Au-delà du cas particulier, des pratiques anthropophagiques d’explorateurs chargés de massacrer les Africains « pour mieux les civiliser », et par-delà la virulente dénonciation que fait Mirbeau du colonialisme cannibale, il semble bien que, pour lui, le cannibalisme obéisse à une pulsion primaire à laquelle se ramène toute volonté de possession, et que cette volonté d’ingérer l’autre soit symptomatique de la société bourgeoise tout entière et de l’économie capitaliste dans son fonctionnement normal, comme l’analyse finement Gaétan Davoult : « Tout désir de posséder, toute forme de possession s’inspire d’une pulsion cannibale : s’approprier, c’est ingérer, absorber, dévorer. » C’est ainsi, par exemple, que, comme l’illustre le journal de la femme de chambre Célestine, « le maître ingère le domestique ». Dès lors, il apparaît que le cannibalisme est bien inhérent à l’ordre social établi et à ses instances politiques et que le romancier anarchiste est bien habilité à les remettre radicalement en cause : « En stigmatisant le colonisateur et, à sa suite, les classes dominantes qui fondent dans l’acte anthropophagique la condition de leur supériorité, Mirbeau porte une attaque cinglante à l’encontre d’une société bourgeoise dominatrice, imbue d’elle-même, profondément stupide et d’un ultime racisme, qui se perçoit comme civilisation conquérante. Le discours alimentaire qui transforme l’individu en nourriture est non seulement d’ordre existentiel, mais aussi d’ordre politique, puisqu’elle révèle l’image latente du pouvoir. » Conclusion de la même farine chez Philippe Ledru : « Rouage de la société, l’homme n’est que chair à canon ; fétu dérisoire dispersé dans la nature, il n’est que “de la viande”. Son destin est celui qui échoit à toute nourriture. »

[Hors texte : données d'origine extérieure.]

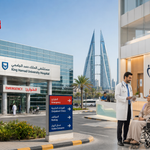 Best Areas to Live in Bahrain
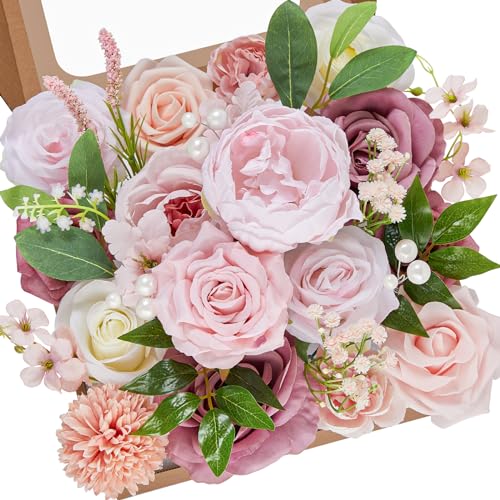 Elegant Pink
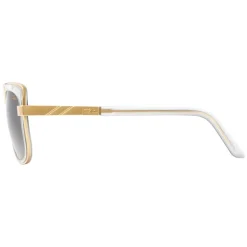 Cazal - Vintage 9078 - Legendary - Crystal - Sunglasses - Cazal Eyewear - Avvenice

Voir aussi les notices Afrique, Meurtre, Colonialisme, Anticolonialisme et Humour noir.

P. M.

 

Bibliographie : Gaétan Davoult, « Déchet et corporalité dans Le Journal d’une femme de chambre », Cahiers Octave Mirbeau, n° 11, 2004, pp. 115-137 ; Philippe Ledru, « Symbolisme de la nourriture dans l'œuvre de Mirbeau »,  Cahiers Octave Mirbeau, n° 6, 1999, pp. 57-68 ; Octave Mirbeau, « Profil d’explorateur », L’Écho de Paris, 21 juin 1892 ; Octave Mirbeau, Le Jardin des supplices, Fasquelle, 1899.